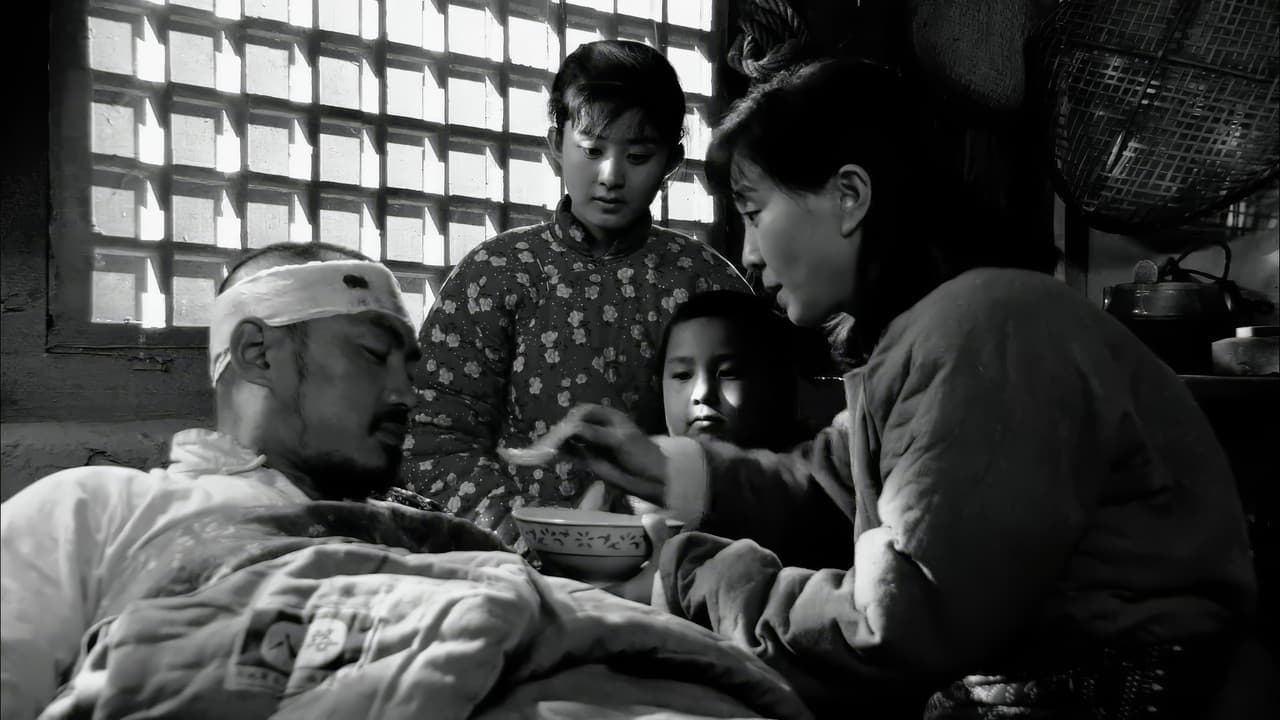 马石山十勇士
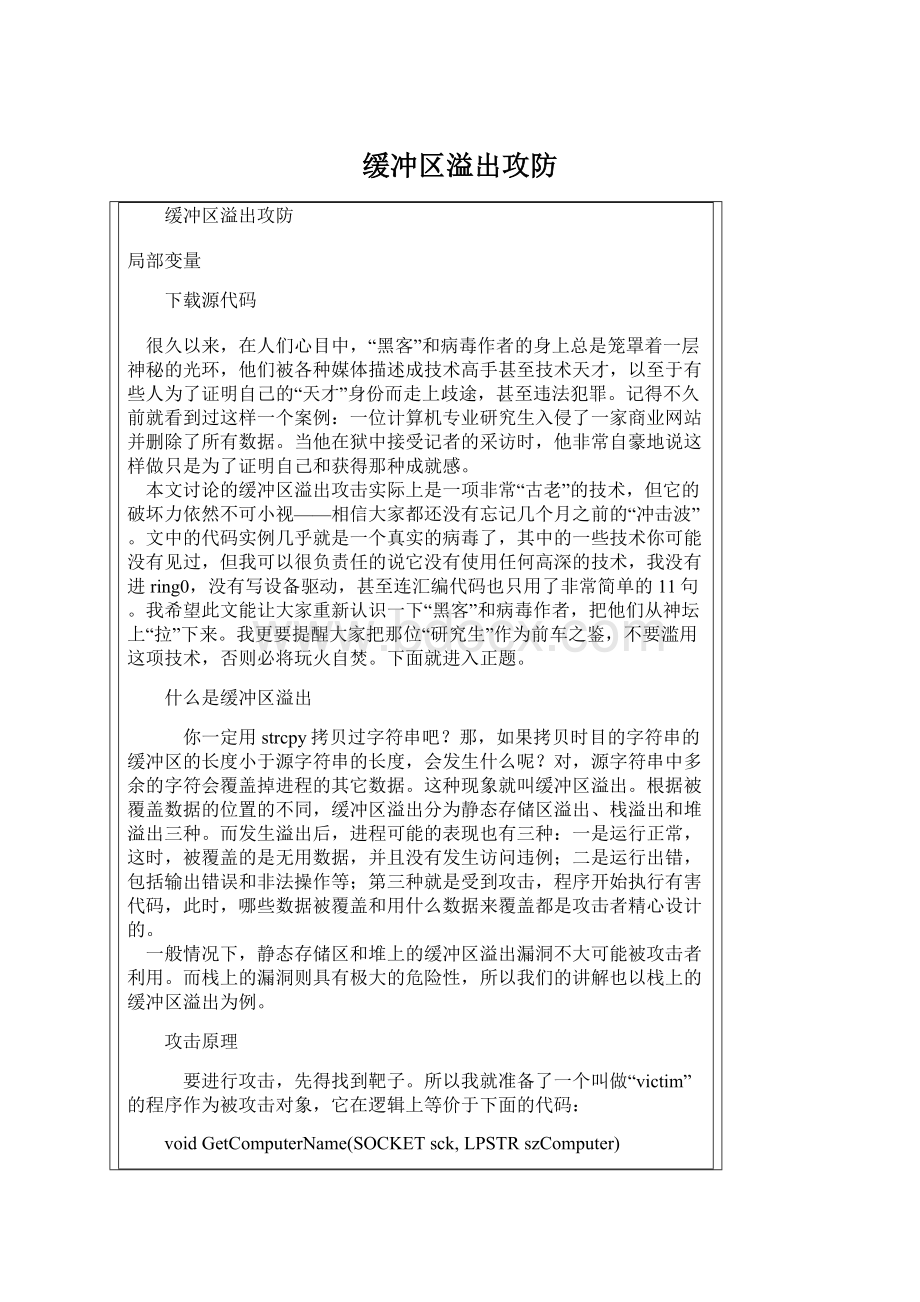 缓冲区溢出攻防.docx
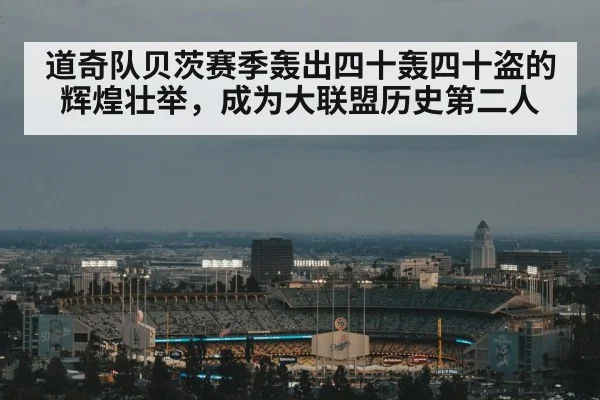 道奇队贝茨赛季轰出四十轰四十盗的辉煌壮举，成为大联盟历史第二人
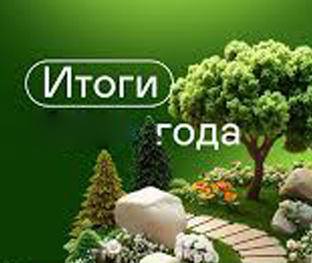 Что год прошедший нам сготовил! 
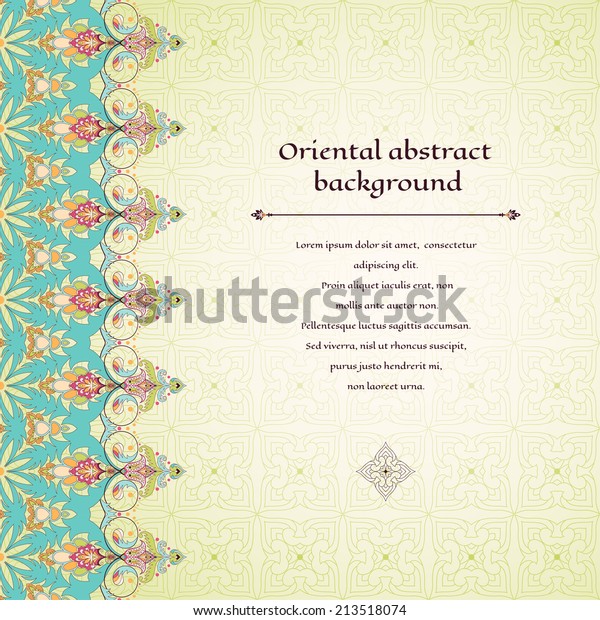 Vector card with oriental floral border.\
Simple delicate ornament. Place for your\
text.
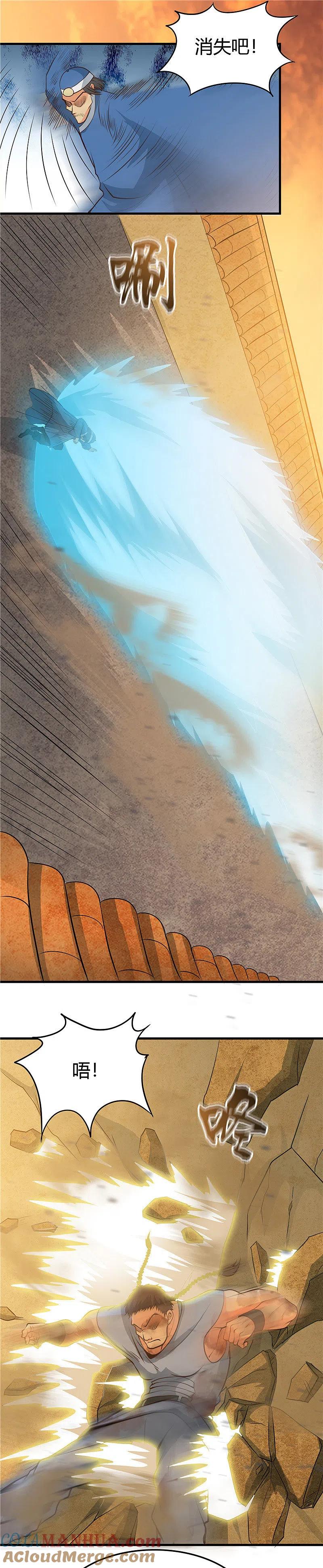 地府我开的 - 第282话 那些传闻 - 第11张图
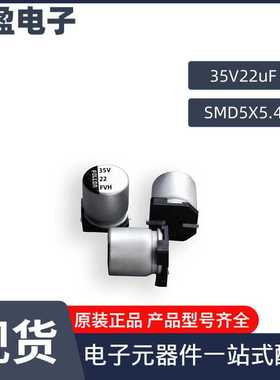 富隆高频低阻抗贴片铝电解电容 FVZ系列35V22uF 5*5.4 厂家现货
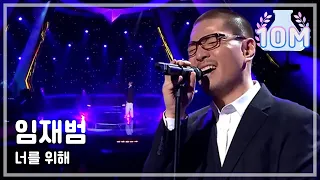 I Am A Singer #25, Yim Jae-beum : For you - 임재범 : 너를 위해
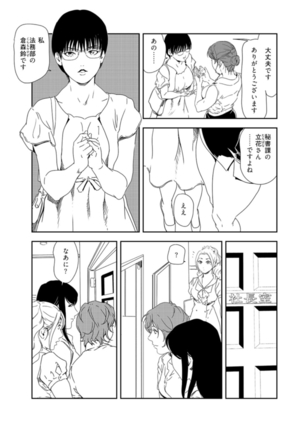 Nikuhisyo Yukiko 37 - Page 9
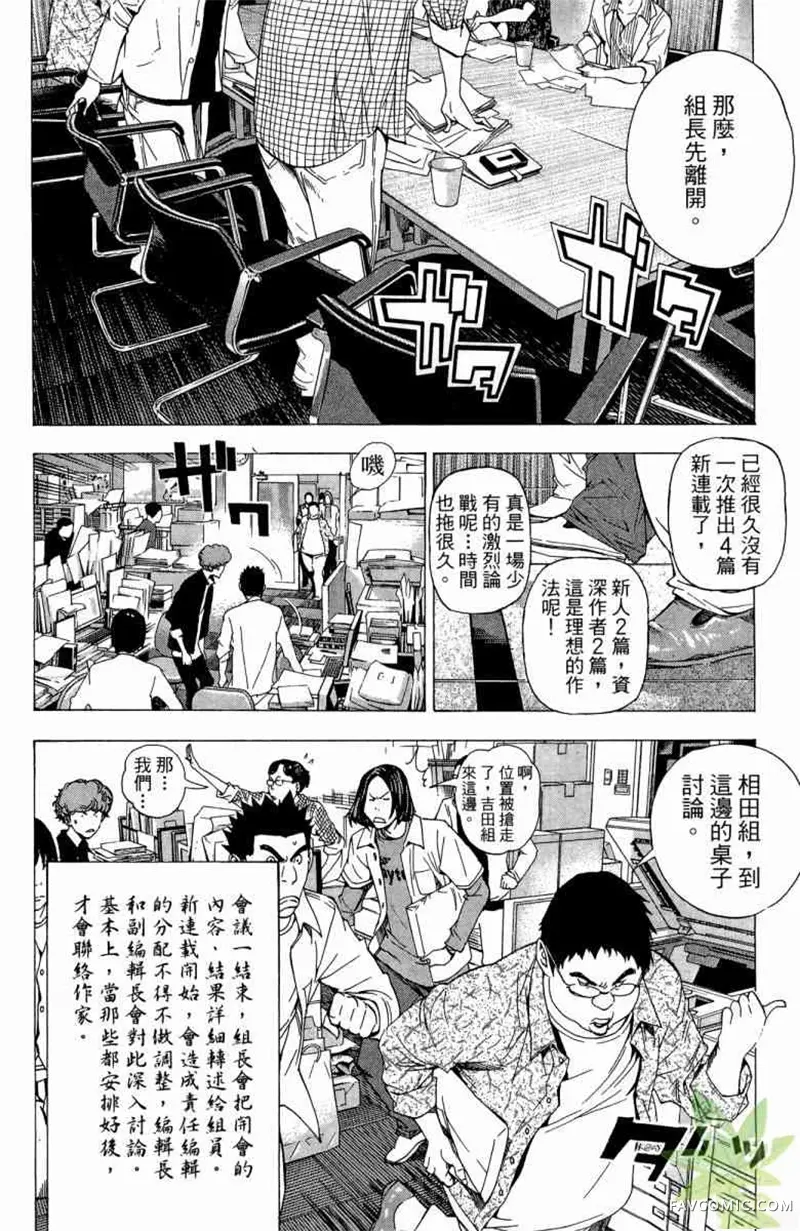 爆漫王第04卷P167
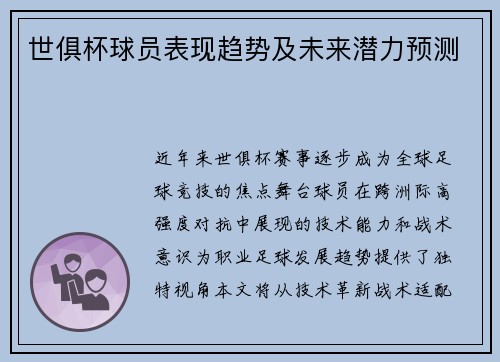 世俱杯球员表现趋势及未来潜力预测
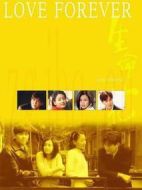 生命花劇情介紹(1-20全集)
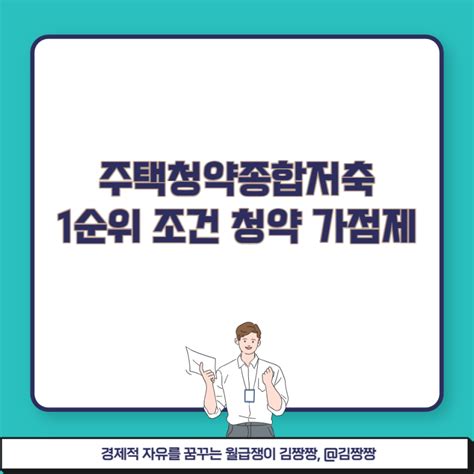 주택청약종합저축 국민주택 민영주택 청약 순위 가점제 무주택기간 부양가족 가입기간 네이버 블로그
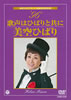 美空ひばり「’96歌声はひばりと共に(DVD)」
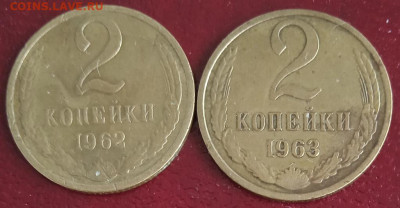 2 копейки 1962 и 1963 до 30.06.25 - IMG_20250624_155531_1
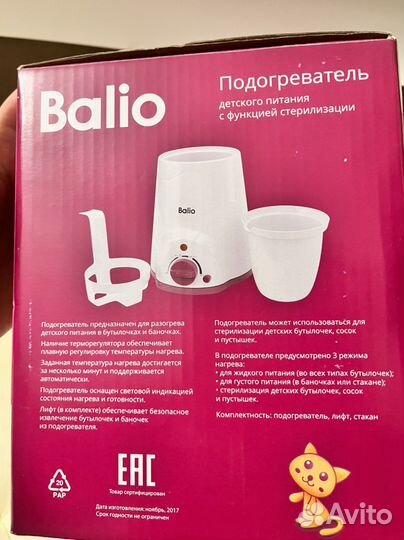 Подогреватель детского питания balio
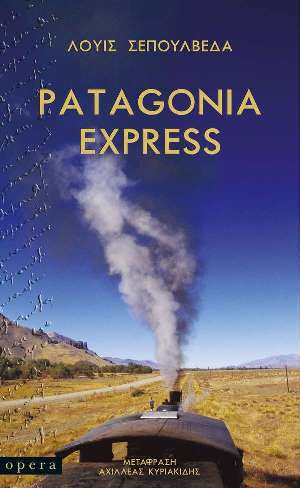 Patagonia Express - Luis Sepúlveda - Diavazo Greek Books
══════════════════════════════
• TASK GOAL: Copy the listing over exactly, skipping the pictures it holds.

• ANSWER TO THE PROBLEM:
 马石山十勇士
 缓冲区溢出攻防.docx
 道奇队贝茨赛季轰出四十轰四十盗的辉煌壮举，成为大联盟历史第二人
 Что год прошедший нам сготовил! 
 Vector card with oriental floral border.\
Simple delicate ornament. Place for your\
text.
 地府我开的 - 第282话 那些传闻 - 第11张图
 富隆高频低阻抗贴片铝电解电容 FVZ系列35V22uF 5*5.4 厂家现货
 I Am A Singer #25, Yim Jae-beum : For you - 임재범 : 너를 위해
 Nikuhisyo Yukiko 37 - Page 9
 爆漫王第04卷P167
 世俱杯球员表现趋势及未来潜力预测
 生命花劇情介紹(1-20全集)
 주택청약종합저축 국민주택 민영주택 청약 순위 가점제 무주택기간 부양가족 가입기간 네이버 블로그
 美空ひばり「’96歌声はひばりと共に(DVD)」
 2 копейки 1962 и 1963 до 30.06.25 - IMG_20250624_155531_1
 Подогреватель детского питания balio
 Patagonia Express - Luis Sepúlveda - Diavazo Greek Books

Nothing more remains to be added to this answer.